As the tension in the command center rose — as many as 200 pairs of eyes were trained on Colonel Petrov — he made the decision to report the alert as a system malfunction.

“I had a funny feeling in my gut,” he told The Washington Post. “I didn’t want to make a mistake. I made a decision, and that was it.”

Colonel Petrov attributed his judgment to both his training and his intuition. He had been told that a nuclear first strike by the Americans would come in the form of an overwhelming onslaught.

“When people start a war, they don’t start it with only five missiles,” he told The Post.

Moreover, Soviet ground-based radar installations — which search for missiles rising above the horizon — did not detect an attack, although they would not have done so for several minutes after launch.

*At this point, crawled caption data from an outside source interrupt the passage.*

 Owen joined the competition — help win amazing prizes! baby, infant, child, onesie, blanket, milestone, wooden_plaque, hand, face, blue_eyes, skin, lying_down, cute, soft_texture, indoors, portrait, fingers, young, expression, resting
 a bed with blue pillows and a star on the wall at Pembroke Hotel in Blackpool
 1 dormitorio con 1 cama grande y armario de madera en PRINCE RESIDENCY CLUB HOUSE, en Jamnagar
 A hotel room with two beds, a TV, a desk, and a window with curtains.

Colonel Petrov was at first praised for his calm, but in an investigation that followed, he was asked why he had failed to record everything in his logbook. “Because I had a phone in one hand and the intercom in the other, and I don’t have a third hand,” he replied.

He received a reprimand.

The false alarm was apparently set off when the satellite mistook the sun’s reflection off the tops of clouds for a missile launch. The computer program that was supposed to filter out such information had to be rewritten.

Colonel Petrov said the system had been rushed into service in response to the United States’ introduction of a similar system. He said he knew it was not 100 percent reliable.

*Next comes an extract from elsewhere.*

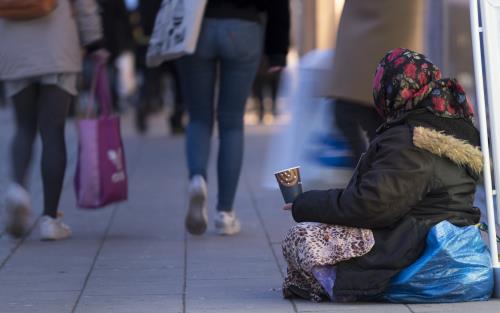 En tiggande kvinna i sjal sitter på marken med en kopp i handen.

“We are wiser than the computers,” he said in a 2010 interview with the German magazine Der Spiegel. “We created them.”

Cold War tensions persisted. In November 1983, NATO carried out Able Archer 83, a big military exercise simulating a coordinated nuclear attack. The exercise, alongside the arrival in Europe of Pershing II nuclear missiles, led some in the Soviet leadership to believe that the United States was using it as a cover for war; the Soviets placed air units in East Germany and Poland on alert. (Able Archer is the backdrop for the recent television series “Deutschland ’83.”)

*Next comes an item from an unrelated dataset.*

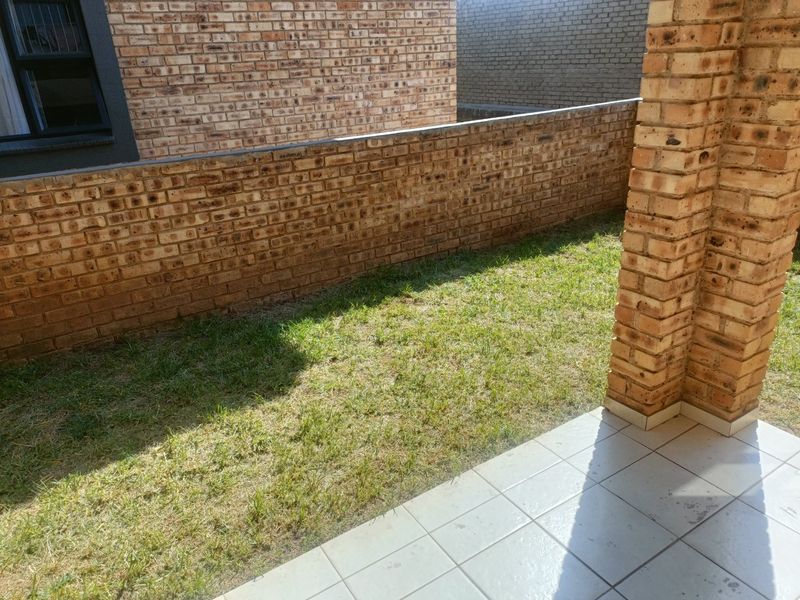A private rear courtyard featuring a tiled patio area, face brick boundary walls, and a small grass lawn.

Colonel Petrov retired from the military in 1984. He got a job as a senior engineer at the research institute that had created the early-warning system, but retired to care for his wife, Raisa, who had cancer. She died in 1997.

In addition to his son, Dmitri, Colonel Petrov is survived by a daughter, Yelena, and two grandchildren.

Colonel Petrov had largely faded into obscurity — at one point he had been reduced to growing potatoes to feed himself — when his role in averting nuclear Armageddon came to light in 1998 with the publication of the memoir of Gen. Yuriy V. Votintsev, the retired commander of Soviet missile defense.

The book brought Colonel Petrov a measure of prominence. In 2006, he traveled to the United States to receive an award from the Association of World Citizens, and in 2013 he was awarded the Dresden Peace Prize. He was the subject of a 2014 hybrid documentary-drama, “The Man Who Saved the World.”

Jakob Staberg, the producer of the film, said in a phone interview on Monday that he had tried to contact Colonel Petrov by phone and email for the last several weeks, hoping to discuss the film’s Russia release, scheduled for February. He said he had not thought much of the delay because Colonel Petrov often traveled.

Colonel Petrov’s role in the film brought him into contact with American celebrities like the actors Kevin Costner and Robert De Niro, but he did not embrace the spotlight. “I was just at the right place at the right time,” he says in the film.